Finally it’s picnic weather again — the shank end of the season. Who doesn’t love a picnic? Only the most hardened cynics and eye-rolling hipsters could ever admit to such with a straight face. Get out your favorite cookbook; you know, the one with the gingham-checked cover. You’ll need loads of eggs to devil, lots of sliced meats, cheeses and breads; perhaps a roasted chicken or two. A bottle of wine, some fruit, and don’t skimp on the cookies. Ready to go, yes? Whoops, nearly forgot the blanket.
Motoring down the road, windows open, a little “Sister Christian” on the radio. Finally, we arrive at our scenic destination. The fact that the Thermos of lemonade still sits, lonely in its own condensation on the kitchen counter, pales in comparison to another fact: We forgot the forks. You there — you’re not fooling anybody, pretending it’s fun to eat potato salad with your hands.
Such are the pitfalls of the movable feast. Oh, sure, they make it look easy on “Top Chef,” speed racks pirouetting neatly in a spiral of film wrap as the clock ticks down to zero. (If you’ve ever actually done that, you know it’s best to be the one spinning the rack, rather than the poor loser getting cardboard blisters from holding the roll as it spins out.) What they never air is the part where the lift-gate on the refrigerated truck suddenly decides not to work, or the part where five gallons of vinaigrette take a header off of a cart when you’re already behind schedule.
Once, years ago, I lost control of a speed rack full of plated salads in the kitchen driveway at the Kentucky Center. I watched, horrified, as it tipped over a speed bump and met the asphalt with a truly spectacular crashing noise during a soaring opera aria. To this day, I feel responsible for the inevitably furrowed brows upstairs in Whitney Hall, no doubt including the soloist’s.

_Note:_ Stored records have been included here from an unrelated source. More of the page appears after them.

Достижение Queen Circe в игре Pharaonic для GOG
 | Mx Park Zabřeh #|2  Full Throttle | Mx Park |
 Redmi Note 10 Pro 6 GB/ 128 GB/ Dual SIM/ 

Naturally, caterers — the tribe of which I am a member — get the shortest end of this stick. Sure, 99 percent of the time everything goes smoothly, but we have lots of war stories to relate, simply because we’re pretty much a movable feast all the time. And it’s not just about getting the food from point A to point B. It has to be gotten there safely. Proteins have to be maintained at a certain temperature, as well they should be. If that job’s in Lexington, we have to rent a refrigerated truck. Of course we have our load lists, carefully parsed. But you’ll almost always forget something. I learned long ago that the first item to pay attention to is garbage bags, and the second item is gloves. The third item is ice, but fortunately we can buy that within a couple minutes of most event sites. The big “we forgot” item is garnish, which is absolutely crucial for presentation.
Oh, crap. We forgot to load the bundle of kitchen towels. Now we’re all frantically wiping our hands on paper towels, and making little moistened paper cigar-rolls to wipe the edges of the plates with.
It’s not just formal caterers who struggle with the movable feast. Chefs all over the world are asked to prep in one kitchen and then move to another kitchen to execute — for celebrity chef dinners, for a charity event, for a collaborative effort.
I was once assisting a celebrity chef who asked me to hard-cook quail eggs for a garnish for his dish at a charity banquet at The Brown. I was tasked with peeling the eggs (I will never peel boiled quail eggs again, as God is my witness!), separate the whites from the yolks, and push the yolks lovingly through a sieve to make a perfect garnish for a caviar-and-deviled-quail-egg-ras-al-hanout dish for 400 guests. The event went off without a hitch; everyone loved the food. I later found the sieved quail egg yolks getting moldy on a shelf in the walk-in fridge, three days later. They never made it onto the plates. And no one noticed.
Have you ever had to tell a bride you need to cut her wedding cake now, because even though the guests haven’t been through the buffet line, that cake is melting, and you’ve got to portion it and put it on dessert plates? It’s 95 degrees outside, dear.
However, I do have this handy box for your cake topper. I don’t know how this top layer will taste a year from now. Probably not great. But it’s the ritual that counts.
Love your movable feasts. Often, there will be problems, but the experience will transcend them. Happy picnics.
Marsha Lynch has worked at many Louisville independent restaurants, including Limestone, Jack Fry’s, Jarfi’s, L&N Wine Bar and Bistro, and Café Lou Lou. She now works for her alma mater, Sullivan University, as sous chef of Juleps Catering.